Extra: Adding metadata to your image

You can annotate your Dockerfile and the image by using the instruction LABEL. You can give it any key and value with <key>=<value>. However, it is recommended to use the Open Container Initiative (OCI) keys.

Exercise: Annotate our Dockerfile with the OCI keys on the creation date, author and description. After that, check whether this has been passed to the actual image with docker inspect.

Note

You can type LABEL for each key-value pair, but you can also have it on one line by seperating the key-value pairs by a space, e.g.:

LABEL key_x="value_x" key_y="value_y"

Answer

The Dockerfile would look like:

FROM rocker/r2u:jammy

LABEL org.opencontainers.image.created="2023-04-12" \
        org.opencontainers.image.authors="Geert van Geest" \
        org.opencontainers.image.description="Container with DESeq2 and friends"

RUN install2.r \
    DESeq2 \
    optparse \
    apeglm \
    IHW \
    limma \
    data.table \
    ggrepel \
    pheatmap \
    stringr

WORKDIR /opt

COPY test_deseq2.R .

ENV PATH=/opt:$PATH

# Note that if you want to be able to combine the two, both ENTRYPOINT and CMD need to written in the exec form
ENTRYPOINT ["test_deseq2.R"]

# Default option (if positional arguments are not specified)
CMD ["--rows", "100"]

The Config record in the output of docker inspect was updated with:

"Labels": {
    "maintainer": "Dirk Eddelbuettel <edd@debian.org>",
    "org.label-schema.license": "GPL-2.0",
    "org.label-schema.vcs-url": "https://github.com/rocker-org/",
    "org.label-schema.vendor": "Rocker Project",
    "org.opencontainers.image.authors": "Geert van Geest",
    "org.opencontainers.image.created": "2024-10-12",
    "org.opencontainers.image.description": "Container with DESeq2 and friends",
    "org.opencontainers.image.version": "22.04"
},

Extra: Building an image with a browser interface

In this exercise, we will use a different base image (rocker/rstudio:4), and we will install the same packages. Rstudio server is a nice browser interface that you can use for a.o. (Aspect Oriented) programming in R. With the image we are creating, we will be able to run Rstudio server inside a container. Check out the Dockerfile:

FROM rocker/rstudio:4

LABEL org.opencontainers.image.created="2024-10-12" \
    org.opencontainers.image.authors="Geert van Geest" \
    org.opencontainers.image.description="Container with DESeq2 and friends"
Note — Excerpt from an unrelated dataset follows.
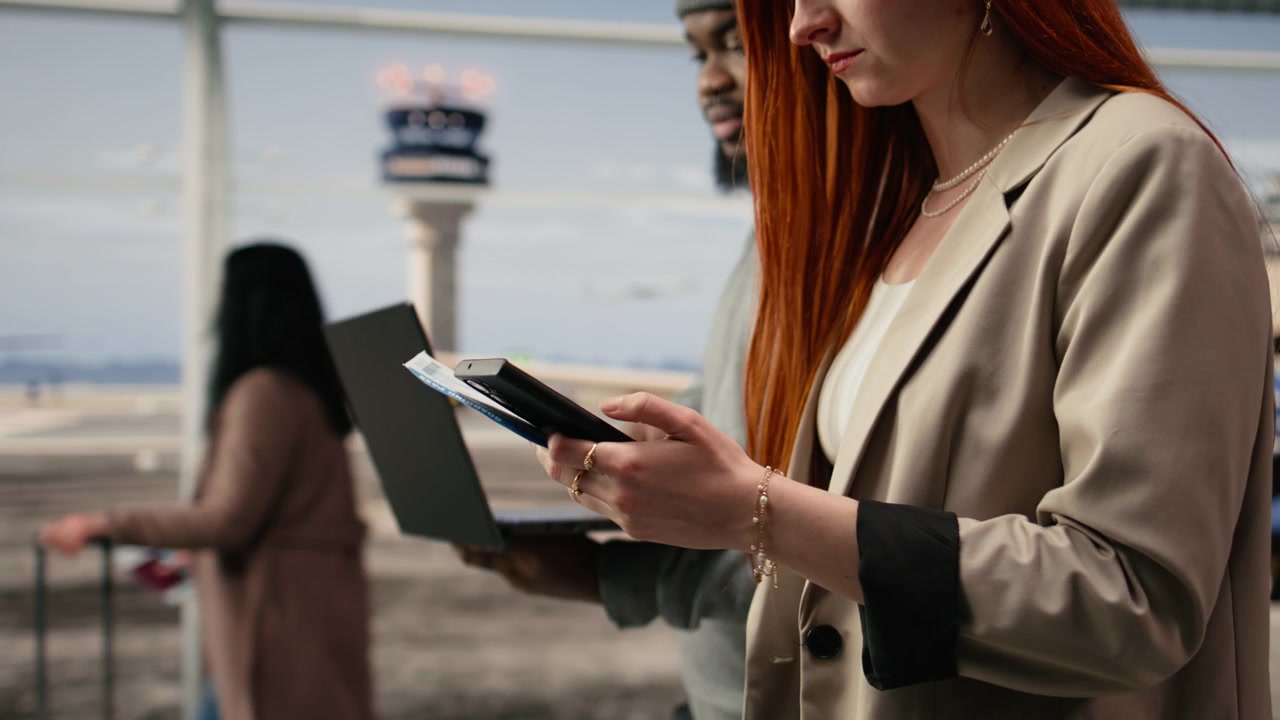Zbliżenie na mężczyznę i kobietę na lotnisku, korzystających z laptopa i smartfona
RUN apt update && apt install -y \
    fonts-noto \
    libcurl4-openssl-dev \
    libfontconfig1-dev \
    libfreetype6-dev \
    libfribidi-dev \
    libharfbuzz-dev \
    libjpeg-dev \
    libpng-dev \
    libtiff5-dev \
    libxml2-dev \
    tzdata \
    && apt clean && apt autoremove && apt purge \
    && rm -rf /var/lib/apt/lists/*

RUN install2.r \
    BiocManager

RUN R -q -e "BiocManager::install(c( \
  'DESeq2', \
  'optparse', \
  'apeglm', \
  'IHW', \
  'limma', \
  'data.table', \
  'ggrepel', \
  'pheatmap', \
  'stringr' \
  ))"

WORKDIR /opt

COPY test_deseq2.R .

ENV PATH=/opt:$PATH

This will create an image from the existing rstudio image. It first installs required system libraries (libcurl4-openssl-dev, libxml2-dev…) via apt, which are needed to compile certain Bioconductor dependencies. It then installs BiocManager using install2.r (the helper script provided by rocker images) and next uses it to install several R packages (DESeq2, optparse, apeglm…) via an inline R command. Note that R packages themselves cannot be installed with apt in rocker/rstudio images, because R is compiled from source rather than installed from the system package manager. More information on how to install R packages in R containers in this cheat sheet, or visit rocker-project.org.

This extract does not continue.